Describe clearly how your solution works and wht it is correct. (5 points)
1. boolean waiting[1:n], in[1:n] = ([n] false); in[1] = true;
2. process CS[i=1 to n] {
3. while(1) {
4. waiting[i]=true;
5. while (!in[i]) skip;
6. /* Critical Section */
7. int j=i;
8. while (!waiting[++j]);
9. swap(in[i], in[j]);
10. waiting[i]=false;
}
}
line 1 initializes variables and grants process 1 initial access to its
critical section.
line 4 asserts each processes desire to be chosen next
line 5 waits until that process is chosen
line 8 chooses the next process from those that are waiting
line 9 swaps the "in"s for those two processes, giving the next process
access to its critical section
line 10 asserts that process i is no longer waiting
this is correct because mutual exclusion is preserved (only one process is
ever granted access to its critical section)--after one process is finished
with its C.S. it "swaps" access rights with the next process which is
waiting. thus, only one process is ever executing its C.S. since swap is
implemented as an atomic process.
3. In class, we looked at the algorithm below which implements a
counting semaphore using a binary semaphore. What does the binary
semaphore S3 do? (5 points)
Data structure includes:
binary_semaphore S1=1;
binary_semaphore S2=0;
binary_semaphore S3=1;
int C=initial value of S;
wait operation
wait(S3);
wait(S1);
C--;
if (C < 0) {
signal(S1);
wait(S2);
}
else {
signal(S1);
}
signal(S3);
signal operation
wait(S1);
C++;
if (C <= 0) {
signal(S2);
}
signal(S1);
S3 provides serialization. It prevents a process which is leaving the
wait operation from coming right back around again before another
process would have a chance. If S3 is a fair semaphore, the counting
semaphore we are implementing is also fair.

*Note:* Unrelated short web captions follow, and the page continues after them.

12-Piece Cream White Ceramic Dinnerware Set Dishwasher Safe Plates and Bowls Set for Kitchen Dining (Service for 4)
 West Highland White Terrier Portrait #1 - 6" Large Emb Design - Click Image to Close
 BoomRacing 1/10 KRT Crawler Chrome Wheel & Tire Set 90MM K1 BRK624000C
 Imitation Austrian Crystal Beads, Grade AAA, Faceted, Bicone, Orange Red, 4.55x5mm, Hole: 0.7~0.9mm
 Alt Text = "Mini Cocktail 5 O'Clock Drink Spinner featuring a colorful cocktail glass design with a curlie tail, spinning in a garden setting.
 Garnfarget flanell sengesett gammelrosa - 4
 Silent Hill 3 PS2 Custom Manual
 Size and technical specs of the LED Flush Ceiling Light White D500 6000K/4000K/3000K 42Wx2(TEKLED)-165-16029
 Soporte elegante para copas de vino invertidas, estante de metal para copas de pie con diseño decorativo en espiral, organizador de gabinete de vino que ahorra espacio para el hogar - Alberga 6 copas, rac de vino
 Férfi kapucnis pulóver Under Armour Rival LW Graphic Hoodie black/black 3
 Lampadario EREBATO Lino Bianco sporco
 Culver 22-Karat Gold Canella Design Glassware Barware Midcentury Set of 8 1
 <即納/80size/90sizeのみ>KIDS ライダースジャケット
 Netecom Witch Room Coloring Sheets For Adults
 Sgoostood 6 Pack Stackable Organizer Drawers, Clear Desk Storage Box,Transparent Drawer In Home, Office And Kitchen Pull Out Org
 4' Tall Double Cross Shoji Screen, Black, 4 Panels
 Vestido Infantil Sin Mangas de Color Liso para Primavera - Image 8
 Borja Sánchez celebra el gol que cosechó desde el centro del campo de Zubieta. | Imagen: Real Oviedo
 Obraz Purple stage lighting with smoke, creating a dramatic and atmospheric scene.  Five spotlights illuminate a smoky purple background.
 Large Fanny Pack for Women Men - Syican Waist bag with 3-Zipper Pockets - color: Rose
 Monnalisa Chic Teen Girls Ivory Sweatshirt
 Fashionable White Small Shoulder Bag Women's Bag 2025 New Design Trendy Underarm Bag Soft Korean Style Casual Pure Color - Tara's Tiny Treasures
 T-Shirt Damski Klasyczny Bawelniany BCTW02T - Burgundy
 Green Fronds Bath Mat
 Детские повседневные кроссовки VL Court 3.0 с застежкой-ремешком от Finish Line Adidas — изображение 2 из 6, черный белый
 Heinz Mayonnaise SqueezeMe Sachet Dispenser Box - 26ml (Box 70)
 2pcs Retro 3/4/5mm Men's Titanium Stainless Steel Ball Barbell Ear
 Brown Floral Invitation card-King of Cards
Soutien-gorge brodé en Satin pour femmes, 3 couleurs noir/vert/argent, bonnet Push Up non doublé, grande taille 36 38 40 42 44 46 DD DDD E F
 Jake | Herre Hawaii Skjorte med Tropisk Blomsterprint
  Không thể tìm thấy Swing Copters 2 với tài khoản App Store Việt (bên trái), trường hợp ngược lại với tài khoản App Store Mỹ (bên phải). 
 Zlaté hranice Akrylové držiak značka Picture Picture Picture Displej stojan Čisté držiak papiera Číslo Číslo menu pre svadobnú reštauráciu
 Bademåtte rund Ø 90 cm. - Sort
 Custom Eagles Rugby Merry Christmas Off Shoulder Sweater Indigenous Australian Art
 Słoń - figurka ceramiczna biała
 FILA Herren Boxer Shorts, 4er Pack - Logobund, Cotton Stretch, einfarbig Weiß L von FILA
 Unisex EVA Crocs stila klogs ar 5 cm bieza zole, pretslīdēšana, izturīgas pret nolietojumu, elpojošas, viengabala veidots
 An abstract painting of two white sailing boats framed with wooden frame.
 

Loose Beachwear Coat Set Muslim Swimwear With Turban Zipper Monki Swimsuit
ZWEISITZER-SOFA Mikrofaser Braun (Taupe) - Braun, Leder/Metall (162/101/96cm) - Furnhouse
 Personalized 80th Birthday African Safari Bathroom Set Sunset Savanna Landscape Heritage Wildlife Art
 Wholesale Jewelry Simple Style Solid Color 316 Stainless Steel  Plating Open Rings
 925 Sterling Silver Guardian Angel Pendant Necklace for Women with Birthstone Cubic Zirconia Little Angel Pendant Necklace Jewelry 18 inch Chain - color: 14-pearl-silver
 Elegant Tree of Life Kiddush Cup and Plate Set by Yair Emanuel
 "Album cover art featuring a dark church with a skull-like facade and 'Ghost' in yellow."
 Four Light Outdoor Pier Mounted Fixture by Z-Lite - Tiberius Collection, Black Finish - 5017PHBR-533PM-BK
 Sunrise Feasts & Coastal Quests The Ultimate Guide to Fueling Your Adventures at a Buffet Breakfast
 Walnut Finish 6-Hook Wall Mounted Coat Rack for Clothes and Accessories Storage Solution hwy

4. Andrews, Exercise 3.12 In the critical section protocols in the
text, every process executes the same algorithm. It is also
possible to solve the problem using a coordinator process. In
particular, when a regular process CS[i] wants to enter its
critical section, it tells the coordinator, then waits for the
coordinator to grant permission. (5 points)
(a) Develop protocols for the regular processes and the
coordinator. Do not worry about the eventual entry property.
(b) Modify your answer to (a) so that it also ensures eventual entry.
Everyone answered (a) with an answer to (b). Here's an example:
a)The coordinator has an outer loop which repeats forever:
while (1)
do {
for (i = 1..n){
if (arrive[i]==1) /*1 is true*/{
arrive[i]=0;
continue[i]=1;
while (continue[i])
spin wait for worker to finish what it's doing in the CS
}
}
The worker:
arrive[k] = 1; /* setting a request to enter the CS */
while (!continue[k]){
spin wait;
}
/* enter CS */
do CS;
/* exit CS*/
continue[k] = 0; /* this will release the spin wait that the coordinator is doing */
5. In class, we looked at the Bakery Algorithm, shown below. What
would happen is the choosing flags were eliminated? Which of the
required properties of a solution to the critical section problem
would this still satisfy? (5 points)
Shared data, initialized to 0's and false
boolean choosing[n];
int number[n];
Process Pi
while (1) {
choosing[i]=true;
number[i]=max(number[0],number[i],...,number[n-1])+1;
choosing[i]=false;
for (j=0; j